田耕の鬼ケ原で厳島明神の神矢であろう白羽の矢が眉間に突き射さった首実験に、北浦巡察を済した長門探題武蔵守北條師時の前に、嬰児(あかご)を抱えた桂玉を連れて来させた。雑兵どもの手で首台が運ばれ、白布を取られるや否やに、「あっ阿金、阿金さま!」と首台に向って走り寄り、右手を伸ばして阿金の兜の上を貫いている矢を握るが早いか、自分の心臓部に突き立て、身をくねらせて首級の上にのしかかって息は絶えてしまった。
ほんの一瞬の出来事で、放り出された嬰児の火のつくような泣声に漸く気がついた一同は溜息をついた。高信は腹を切って不始末・不用意を詑びようとしたが、「待て、早まるな」「もし責任を感ずるなら育ててやれ」との探題の言葉に、呆然として嬰児を抱きあげた高信に、「よいか、月の出しおに田耕なる我詞を尋ねてみよ、そちの脇差とともに霊水を授けるであろう」との厳島明神のおつげが聴えた。

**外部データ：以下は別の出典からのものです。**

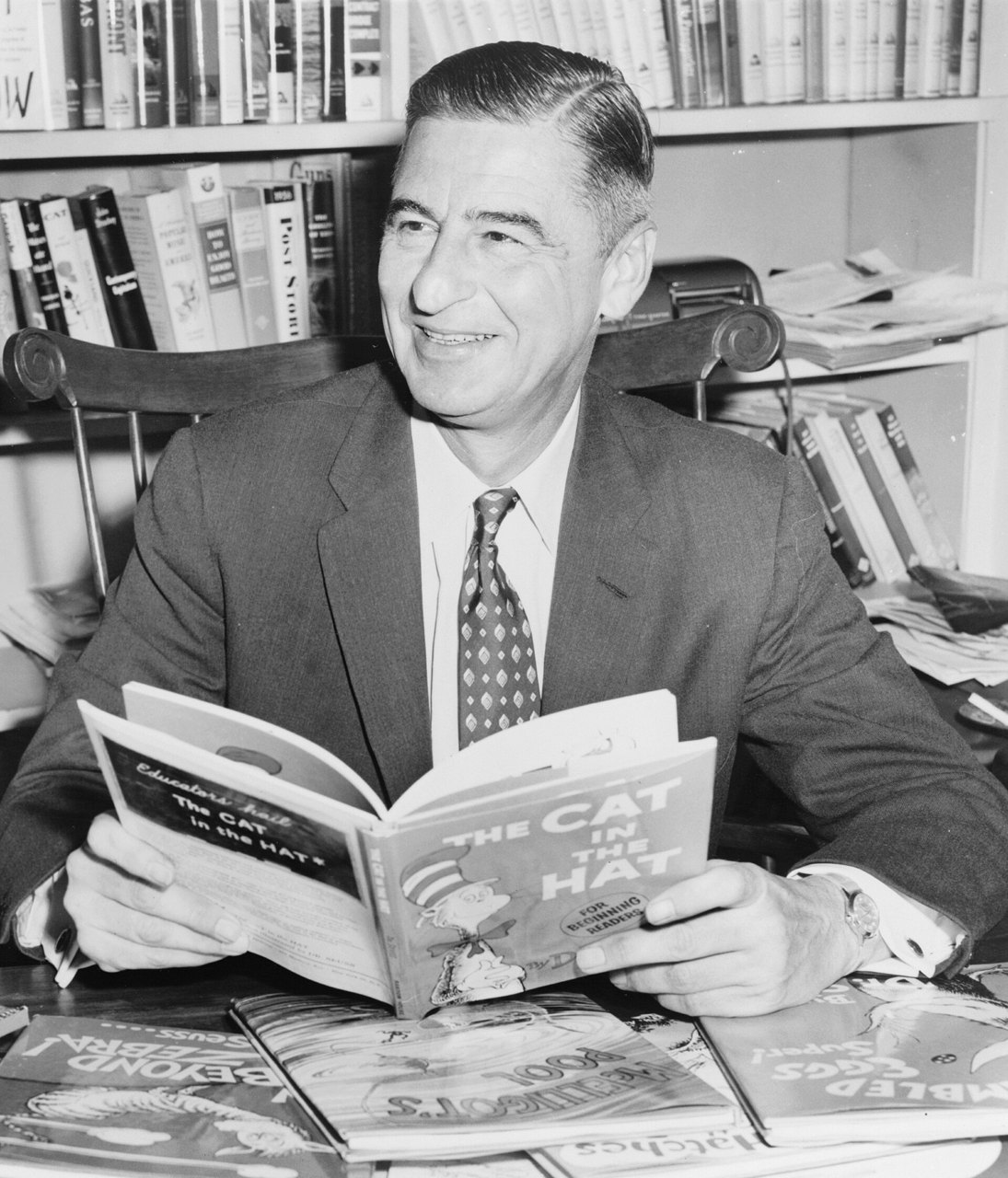 A black-and-white photograph of a smiling man in a suit and patterned tie seated at a desk in front of bookshelves, holding open a copy of The Cat in the Hat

その夜高信は厳島神社に礼拝して、右方崖下にきらりと光る脇差を見つけた。「これをぬき取ると霊水がほとばしるであろう。これを口にふくんでその子に与え育てよ。子の名は智貞とつけ、その脇差を守りにせよ」と告げられた。智貞はすくすくと成長し、この小池の水は絶えることなく、以後「厳島の乳池」として慕われ、今日
に及ぶ。
(『浜出祭』豊北町教育委員会刊より)
(山口県神社誌)
当社では同町神玉地区神功皇后神社との二社で行われる浜出祭があり、山口県無形民俗文化財に指定されている。七年に一回行われる神事で豊北町の東端の山側から14キロメートル離れた西端の海岸まで御神幸を行う。御神幸は田耕神社から200人余武具に身を固め装いも美しい人馬の行列である。途中、神功皇后社の出迎えを受け、400人近い行列となって土井ケ浜に向かう。
伝説では蒙古来襲の兵の霊を鎮めるとも言われているが山と海、男神、女神の再会の祭りであり、陰陽和合の祭りとも言われる。